Uwaga, utwór może zawierać treści przeznaczone tylko dla osób pełnoletnich!
My
Noc, jadą nad jezioro dwie osoby mężczyzna i kobieta pełni euforii i miłości.
Spotykają się pierw w swoim miejscu na stadionie później wsiada do jej samochodu i jadą.
Zakochani w świetle księżyca, dotykają się w samochodzie nie mogąc już się siebie doczekać powoli kiedy dojechali rozebrali się i weszli do zimnej w maju wody. On, wziął ją na ręce i na spontanie tak po prostu na szybko wbiegł z nią do jeziora ona przytulała się do niego i trzęsąc z zimna ale on potrafił stworzyć jej schron i ciepło zaczęli się dotykać, wziął ją na ręce i zabrał do hotelu. Usiadła na niego, on zaczął ją całować i ogrzewać swoim ciałem ona wolnymi ruchami jeździła po jego udach ,dotykał jej sutków i całował zeszła z niego i złapała jego członka do ust wolnymi ruchami ciągnęła i lizała uprawiając sex oralny. Później on oddalił ją od siebie i z szedł niżej oblizując ją od dołu i wkładając jej palce, żeby ją zadowolić, ona w adrenalinie i w emocjach jakie w niej buzowały krzyczała w głos i jęczała jak nigdy dotąd. On, wziął jej ręce i obezwładnił ją przywiązując do łóżka. Ona leżąc i czując nie moc uległa mu i czeka co jej zrobi, emocje buzują on bierze zimną kostkę lodu wkłada ją w pół do ust i dotyka jej ust nią.

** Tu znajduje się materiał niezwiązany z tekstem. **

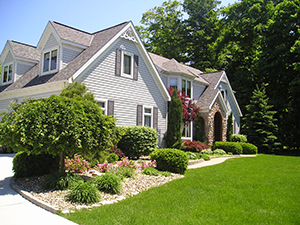 Landscapers and Lawncare Services in Lahaska, PA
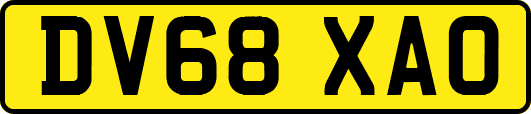 DV68XAO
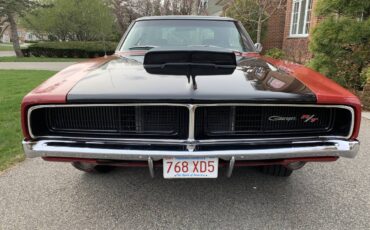 Dodge-charger-rt-tribute-1969-red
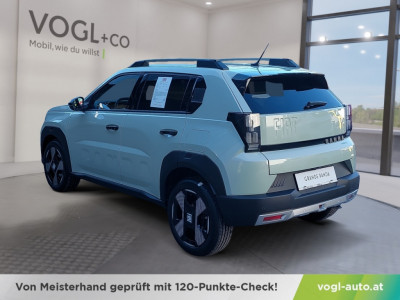 Fiat Grande Panda Neuwagen Fiat Grande Panda Neuwagen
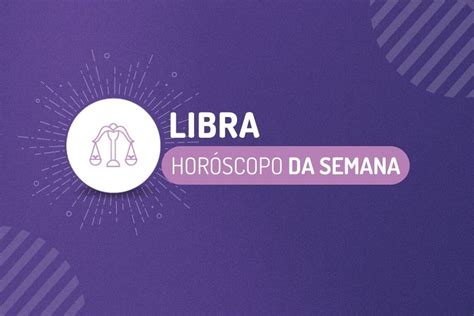 Horóscopo do Signo de Libra Hoje WeMystic Brasil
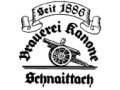 Brauerei Kanone, Löhr GmbH & Co...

Zjeżdża niżej kostką w ustach dotykając jej piersi później z chodzi jeszcze niżej dotykając jej muszelki wypluwa kostkę i wchodzi językiem ona się oblizuje, zagryza wargi on coraz większymi ruchami językiem oblizuje ją na dole, ona się aż prostuje z euforii on wchodzi wyżej i kładzie się na niej wkładając swojego członka w nią. Ona zagryzając wargi jęczy i krzyczy mówi: "Tak mi dobrze mocniej proszę jeszcze mocniej" on coraz szybszymi ruchami w nią wchodzi i kończą razem on w niej ona na nim.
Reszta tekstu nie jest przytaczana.